Commedia in un atto unico composta nel 1926, tratta dalla novella L'ombra del rimorso (1914). La prima rappresentazione dell'opera avvenne al Teatro Eden di Milano il 27 maggio 1927 con la Compagnia Almirante-Rissone-Tofano.

Tratto dalla novella "L’ombra del rimorso", risalente al 1926 e che vede protagonista un altro uomo pirandelliano, il dolciere Bellavita, tradito per lunghi anni dalla bella moglie con il notaio Denora ed ora vedovo.

Ebbene Bellavita, con una forma sottile di vendetta, ha deciso di ossequiare in modo ossessivo l’amante della moglie, seguendolo come l’ombra del rimorso. E nemmeno la proposta da parte del notaio di provvedere a sue spese all’educazione del figlio Michelino, dissuaderà Bellavita ad ossessionarlo con la sua presenza.

Bellavita è un debole ometto che ha sopportato per lunghi anni l'aperta, e senza ritegno, relazione adulterina della bella e spregiudicata moglie con il notaio Denora. Morta la moglie traditrice è giunta l'ora della vendetta per Bellavita: egli però, semplice e umile pasticcere, non può scontrarsi apertamente con il ricco e potente notaio e allora escogita un meccanismo per coprirlo di ridicolo agli occhi della gente. Parato a lutto coglierà ogni occasione per mostrare il suo affetto per il notaio con cui vorrà condividere il dolore per la perdita della donna amata da entrambi.
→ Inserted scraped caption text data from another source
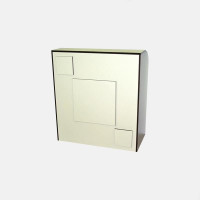 Стойка администратора Affair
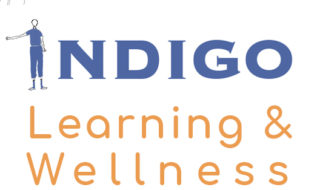 Indigo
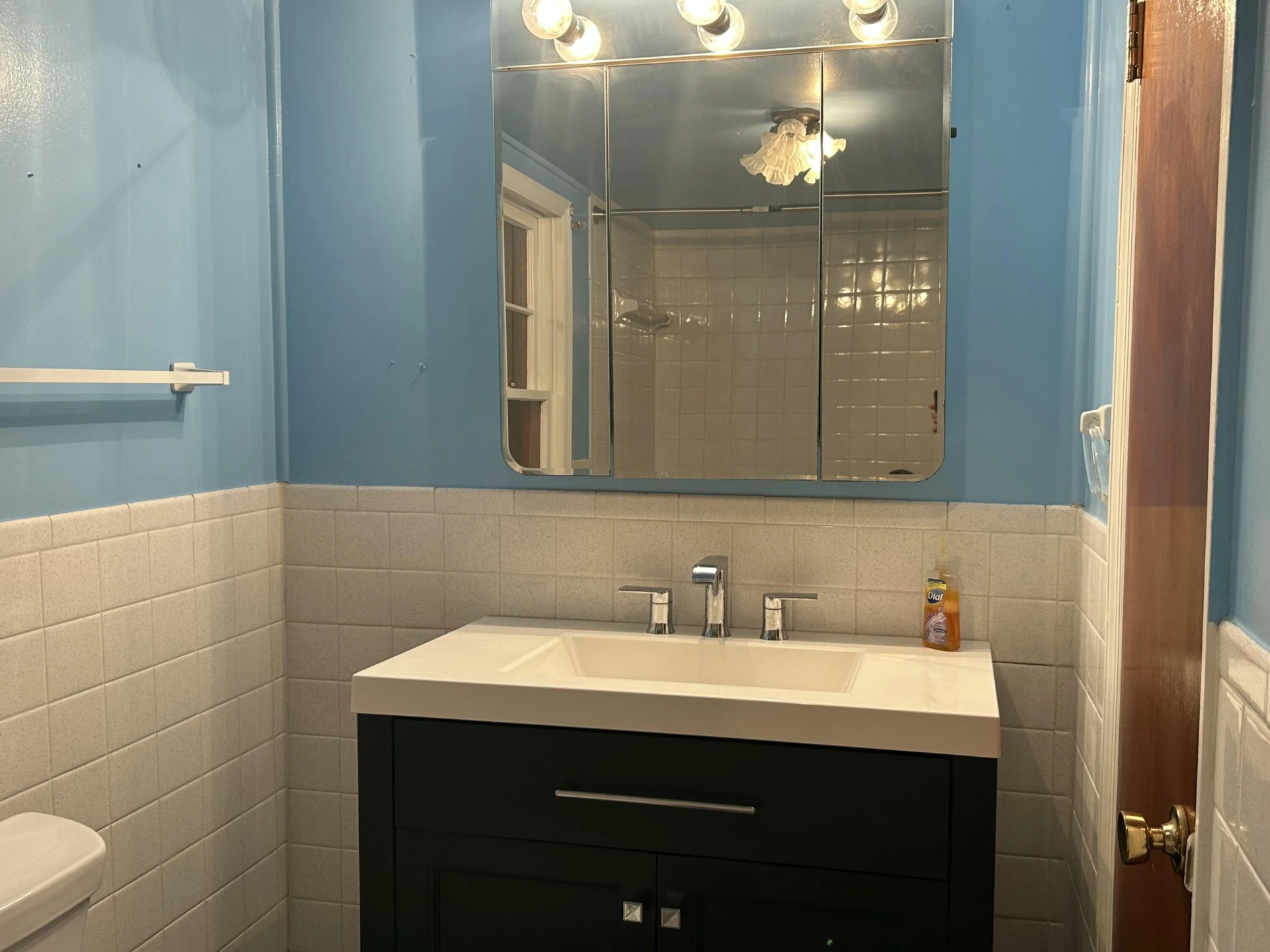 2213 Fancy Grove RD - Photo 9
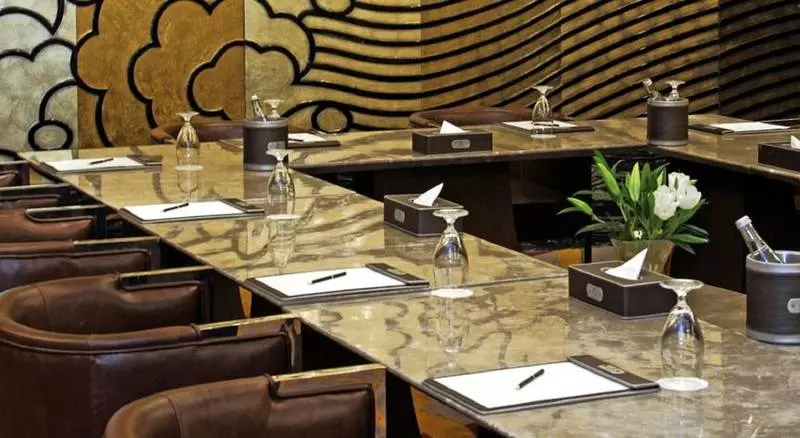Hotelli Braira Al Olaya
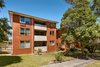 Real Estate and Property in 8/28 Albion Road, Box Hill, VIC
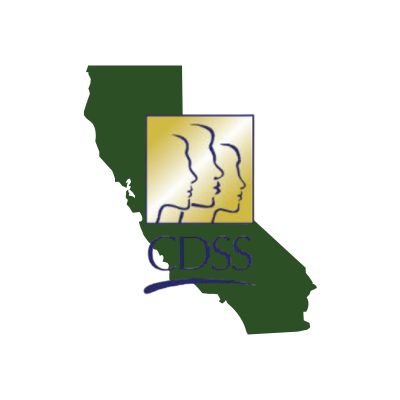 licensed home care agency california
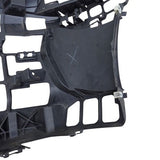 BMW 2 Series Active Tourer front bumper RH fitting 2021-2026 U06 Genuine 8737242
Il notaio non può respingerlo apertamente perché sa di essere in torto con Bellavita, né può negare ciò che tutti sanno. Inutilmente tenterà di liberarsi dalla soffocante e grottesca presenza di Bellavita che singhiozzando lo implora di non abbandonarlo nel momento del comune dolore. Per rabbonire Bellavita e riacquistare la sua dignità, il notaio si offrirà di provvedere all'educazione di Michelino, quasi sicuramente suo figlio, ma il pasticcere rifiuterà e continuerà a seguire come un'ombra il notaio, ossequiandolo e onorandolo, ricordandogli così con la sua presenza il malfatto ai danni di un poveruomo.
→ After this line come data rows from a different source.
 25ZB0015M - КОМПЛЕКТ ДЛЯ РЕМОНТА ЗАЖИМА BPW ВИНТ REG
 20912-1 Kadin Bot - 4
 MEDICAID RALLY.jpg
«BELLAVITA:...E ora gli corro dietro; e per tutte le strade, inchini, riverenze, scappellate...Vado dal sarto! Mi ordino un abito da pompa funebre da fare epoca, e sù, dritto impalato dietro a lui, a scortarlo, a due passi di distanza! Si ferma; mi fermo: Prosegue; proseguo. Lui il corpo e io l'ombra! L'ombra del suo rimorso!...»

"SCAMANDRO"

COMMEDIA MITOLOGICA IN CINQUE EPISODI

Commedia scritta presumibilmente nel 1898 e pubblicata nel 1906, fu rappresentata per la prima volta il 19 febbraio 1928 a Firenze nel Teatro dell’Accademia dei Fidenti ad opera del "Gruppo Accademico".

Storia dell'opera

Scamandro assieme a Laomache fanno parte delle composizioni giovanili di Pirandello considerate dalla critica letteraria di trascurable importanza.

Questi due poemetti vennero pubblicati entrambi nel 1906.

Il primo di questi, Scamandro , dovrebbe essere stato scritto nel 1898.

Nel Laomache Pirandello tratta un tema ampiamente rappresentato nella sua produzione letteraria posteriore. Vi si racconta di una donna, altera e libera da ogni convenzione famigliare, una vera e propria amazzone, che con la maternità si trasforma in una dolce sposa.

Scamandro , un'opera a metà tra l'idillio e la farsa di Plauto, racconta di un ateniese che mascherandosi come il dio del fiume Scamandro seduce una giovane troiana che accingendosi al matrimonio si era recata al fiume per celebrare un rito propiziatorio per i prossimi sponsali.

Tutto alla fine si risolverà per il meglio tra battute ardite e riferimenti salaci.

Sebbene questi temi classici mitologici si riscontrino nelle poesie del giovane Pirandello e siano molto lontani dalla sua produzione letteraria posteriore, tuttavia i due poemetti vennero pubblicati nuovamente negli anni Venti, (Laomache nel 1928 e Scamandro nel 1929): segno evidente dell'intenzione di Pirandello che, volendo presentarsi nella nuova veste del "mitopoieta", l'autore di Lazzaro e de La nuova colonia , vuole avvalorare l'idea di un collegamento con il suo interesse originario per il mito che dalla sua giovinezza letteraria sarebbe giunto sino alla produzione più matura.

"LA NUOVA COLONIA"

DRAMMA MITOLOGICO IN UN PROLOGO E TRE ATTI

Dramma in un prologo e tre atti, scritto dal maggio del 1926 al giugno del 1926.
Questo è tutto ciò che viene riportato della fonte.